Silje Figenschou Thoresen
Silje likes sticks. She also likes straps, ropes, clamps, copper pipping, lead strips, black rubber sheeting and much else that goes into her sculptures. ‘We’ in the quote above refers to her own rural Sámi background. The method she has adopted for her artistic practice involves letting the materials lead the way; she lets a stick just be as it is. The materials that are available help determine the outcome. And the outcome is always changeable.
In the crafting tradition in which Silje was raised, improvisation is a natural and central part of getting everything in one’s surroundings to function. Her sculptures lack a function but nevertheless have strong references to functionality and to solutions based on just whatever is available in terms of materials, skills and other variables. One could therefore say that her sculptures allude to a survival strategy and self-reliance, which are on the wane in our affluent society. Many of us are poorly trained in pragmatic repair, but perhaps it is precisely this type of knowledge that we will soon need when our affluence ends.
Silje has for many years been inspired by her own people’s ability to make the best out of whatever is in their environment. For the art project Kløkt! / Indigenuity (2010–2013), she collaborated with Joar Nango to document hundreds of homemade solutions in homes and cabins in Sapmí. Since then, she has worked with sculpture and tried find some sort of inherent will in the materials she uses. The materials are allowed to participate in determining a sculptural outcome, but the result also has a temporary quality because the same materials can be used for something else in a different constellation later on. And since she never knows which context the various elements will be used in downline, there is no point in changing any individual element.

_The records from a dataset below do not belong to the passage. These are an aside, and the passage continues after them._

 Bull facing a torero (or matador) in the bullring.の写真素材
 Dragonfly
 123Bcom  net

Pragmatic, yes – but the seemingly arbitrary compositions have been meticulously thought through; there is thus also a kind of underlying formalism that allows the dialogue between the materials to be decisive for the outcome. The materials usually have a history that can refer to a specific local situation. But these histories are more like latent backdrops. An analogy would be to a person whose history is not necessarily revealed to the world at large, but which is nevertheless significant and affects the person’s character. In the exhibition, the inherent will and changeability of materials also come to expression in an immediate way in a series of paintings. Between double sheets of glass, colours are allowed to move slowly throughout the exhibition period.

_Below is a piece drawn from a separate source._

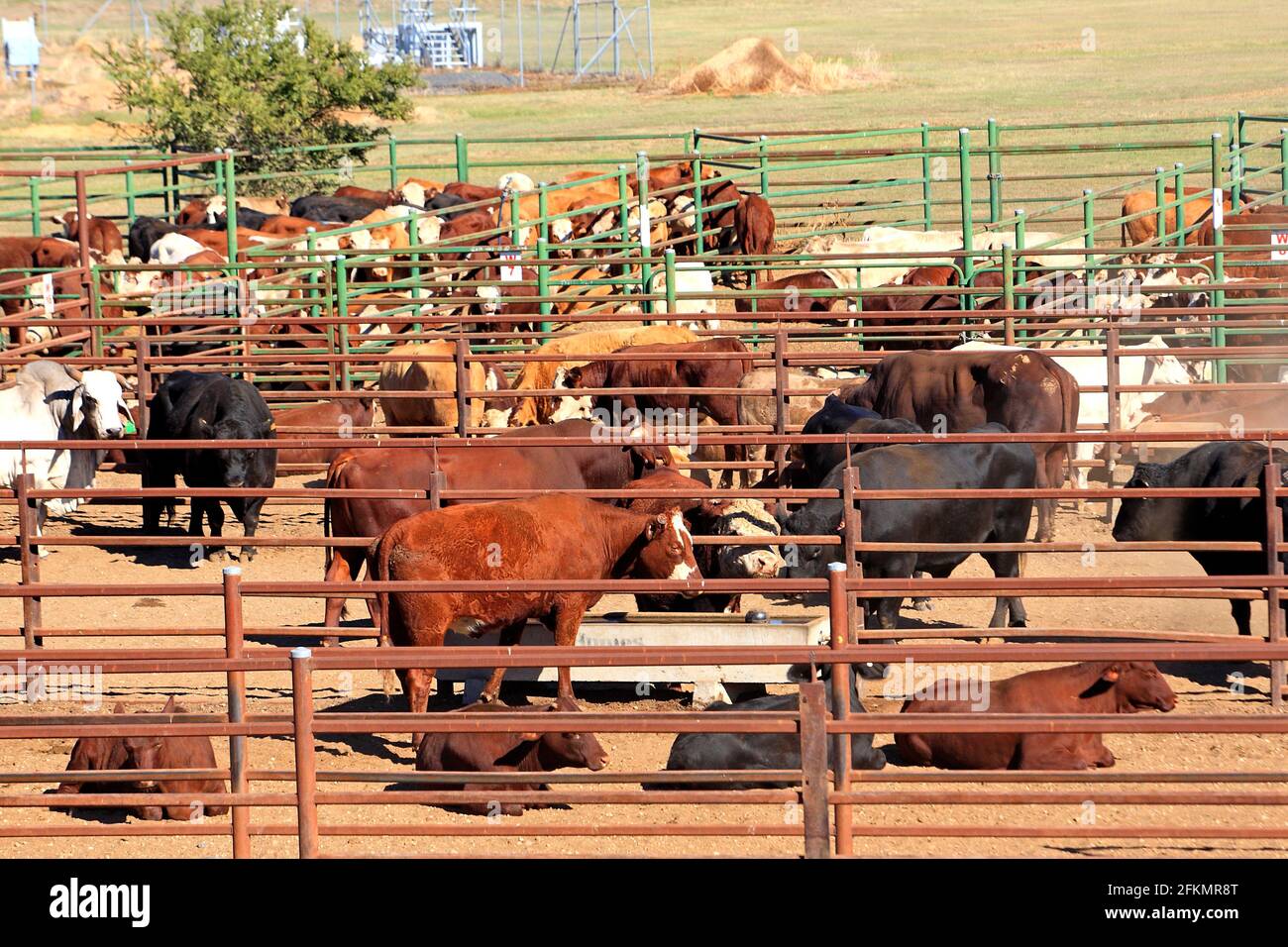 Rinder werden in Stockyards, Narrabri, Western NSW, Australien gehalten. Stockfoto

The exhibition’s title, there are as many features pointing forward as backwards, is a fragment of a sentence in the Danish archaeologist Povl Simonsen’s publication Varangerfunnene (The Varanger Finds) (1959–68). These finds showed that the history of Nordkalotten (the ‘Cap of the North’, comprised of what are today the parts of Norway, Sweden and Finland north of the Arctic Circle, and formerly also the Kola Peninsula) cut across the later-established national borders, and they helped clarify lines of connection between the Stone Age and today’s Sámi population. But even though Simonsen’s research was pioneering in making Sámi history visible, it represented an external view. To incorporate fragments of Simonsen’s text into her own artistic practice is a strategy that enables her to use the Varanger finds on her own terms. The title – which can be read as both a claim and a question – points simultaneously to something absolutely central in her works and which concerns time: they have been something, they are something now, but they will also become something else.

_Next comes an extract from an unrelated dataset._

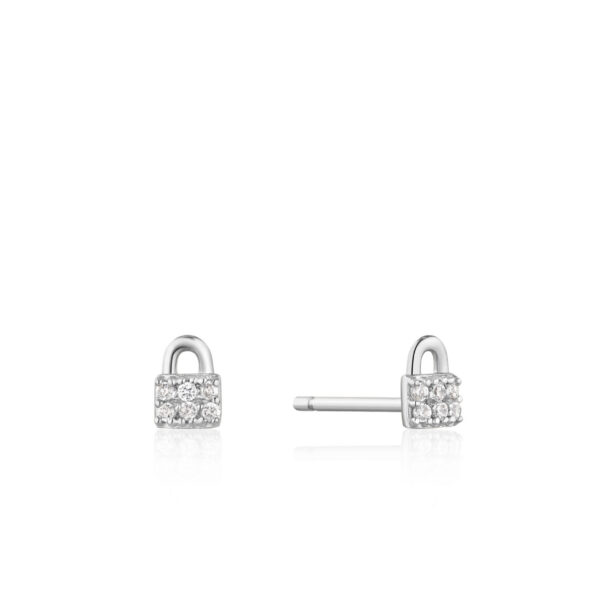Ania Haie Earrings E032-03H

Silje Figenschou Thoresen (b. 1978) lives and works in Kirkenes. She studied furniture design and interior architecture at Bergen National Academy of the Arts and at Konstfack in Stockholm. Her previous solo exhibitions have been at venues such as Marabouparken Konsthall, Stockholm (2023), Kunstnerforbundet, Oslo (2020), Terminal B, Kirkenes (2019), the Sámi Centre for Contemporary Art, Karasjok (2015) and Trondheim Kunsthall (2014). In autumn 2024 she will have an exhibition at Astrup Fearnley Museum in Oslo. Silje has also participated in several group shows, as the Luleå Biennial (2022), ‘When You Say We Belong to the Light We Belong to the Thunder’ at Estonian Museum of Contemporary Art, Tallin (2019), the Arctic Arts Festival, Harstad (2018) and Lofoten International Art Festival (2017).